Солнце светило в твой заполненный грязью, поглощенный грязью кабинет. Настолько ярко, что ты не мог даже выглянуть в окно. Вместо этого ты смотрел на многоцветные графики, Мондриана, папки с голубыми спинками. И неожиданно увидел спину, обращенную к тебе. Кэтрин выходила из кабинета. Внезапно. Гневно.

Секунду назад ты засунул руку ей под юбку. Она стояла рядом с твоим столом, а теперь вихрем вылетает из кабинета. Все еще с блокнотом в руке.

Она стояла рядом с тобой, совсем близко, наклонившись в попытке разобрать текст одного из полученных писем. Ее палец двигался по строчке.

— В отношении даты отгрузки, мы полагаем, что… Разве они не должны были указать точную дату?

Она прижала кончик своего пальца к запятой, после которой, по ее мнению, должна была стоять дата, и так мягко прижала, что тебе с трудом верилось, что она не касается тебя.

— Ты имеешь в виду здесь, Кэтрин? — предположил ты, тоже показывая на запятую, твой палец почти коснулся ее.

— Да, и здесь тоже, — указала она на подобную ошибку на другой строке ниже по тексту письма. — И еще раз, — добавила она, потянувшись, чтобы перевернуть страницу, причем ее ладонь и твоя рука соприкоснулись в мимолетном контакте. Твоя левая рука возлежала на подлокотнике директорского кресла, которое медленно повернулось, пока ее тыльная сторона не коснулась бедра Кэтрин. Она не отодвинулась.

— И наконец, — продолжила она, — когда они пишут что-то о штрафных санкциях…

Ты дал волю руке, которая совсем слегка отделилась от подлокотника кресла, сохраняя с ней контакт, но войдя еще и в контакт с ее бедром. Кромка юбки. Она по-прежнему не двигалась; она ожидала, что ты…

— Кэтрин! — зовешь ты ее, как только она бросается к двери. Но все уже происходит где-то внутри тебя, даже ее плач у тебя на плече, пока ты успокаиваешь ее, говоря, что так, а что этак. Все прокручивается у тебя внутри. Тебе нужно лишь проиграть это вслух: произнести слова, воспроизвести жесты, а она, в свою очередь, сыграет свою роль.

И вот, чуть не смеясь от осознания простоты вещей, ты поднимаешься с кресла.

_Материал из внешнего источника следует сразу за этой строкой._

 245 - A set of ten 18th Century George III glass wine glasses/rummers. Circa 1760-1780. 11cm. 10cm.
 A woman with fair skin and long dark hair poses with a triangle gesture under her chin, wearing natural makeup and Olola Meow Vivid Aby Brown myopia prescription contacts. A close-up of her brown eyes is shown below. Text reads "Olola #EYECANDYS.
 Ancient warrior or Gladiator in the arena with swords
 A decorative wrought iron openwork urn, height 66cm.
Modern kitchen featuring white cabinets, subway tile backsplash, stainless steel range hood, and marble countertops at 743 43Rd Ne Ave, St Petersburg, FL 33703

— Кэтрин, — повторяешь ты, беря ее за руку. Ты повернешь ее, а она будет сердитой и в слезах. Ты будешь успокаивать ее, говоря, как много она значит для тебя, и всегда значила — с тех пор как вы впервые встретились. То первое утро у лифта, она только начала здесь работать… помнит ли она, спросишь ты. Ты повернешь ее лицо к себе, чтобы видеть слезы, и это тебя так тронет, что ты обнимешь ее и начнешь гладить по волосам.

Твоя рука у нее на плече.

— Кэтрин, я…

Она поворачивается к тебе, почти в слезах. Тем не менее ты не отпускаешь ее плечо.

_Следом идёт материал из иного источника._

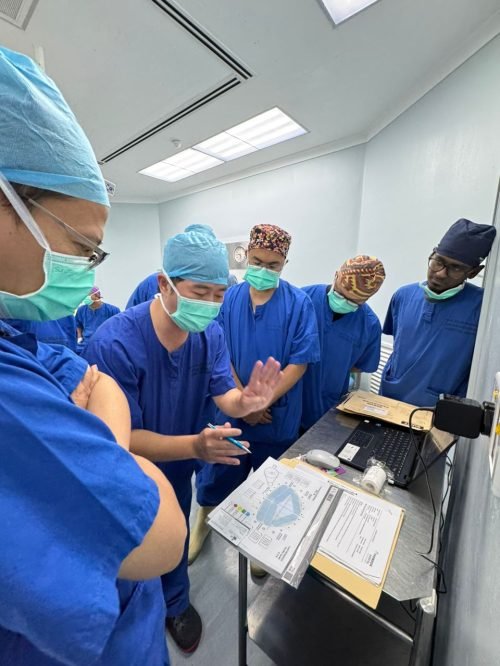Dr Roger Anthony Idi explaining transperineal prostate biopsy planning and sampling strategy to urologists during a hands-on training workshop.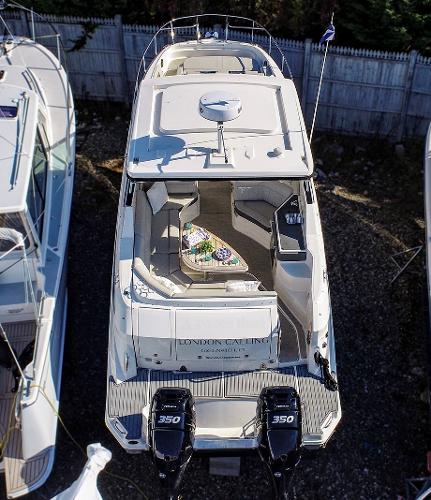 Slide: The Image of 2021 Sea Ray 320 Sundancer boat with twin 350 engines, docked and viewed from above. - 7
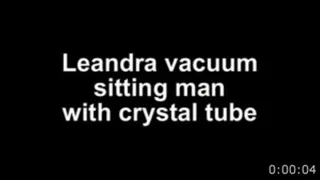 Ela vacuum siiting man with crystal tube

— Кэтрин, — еще одна попытка, — ты должна понимать…

— Как вы могли? — Она дрожит.

— Просто…

— Нет, нет. — Она смотрит в сторону. — Что вы… — медленно начинает она. — Вы могли подумать, что я?..

— Кэтрин. — Ты приблизился к ней на полшага.

Ее лицо очень бледно.

Хотя ты понимаешь, что будет только хуже, ты придвигаешься еще чуть ближе, чтобы положить руки ей на плечи, притянуть к себе, успокоить.

— Послушай, Кэтрин. Я знаю, что ты чувствуешь. Мне очень жаль…

Ты говоришь спокойно и неторопливо, показывая ей, как глубоко ты тронут. Мгновение, прежде чем продолжить, ты колеблешься.

— Неужели так неправдоподобно…

— Ничего. Не. Говорите. — Ее голос неожиданно становится твердым. Она делает паузу после каждого слова, как будто перед усилием, необходимым, чтобы произнести следующее. — Ничего.

И делает шаг назад.

— Не касайтесь меня больше. Никогда, — добавляет Кэтрин. Затем, после неуверенной паузы: — Ублюдок.

Когда она произносит слово «ублюдок», ты замечаешь, что ее голос чуть-чуть срывается. Вот-вот она заплачет — и тогда ты сможешь прижаться к ней и успокоить.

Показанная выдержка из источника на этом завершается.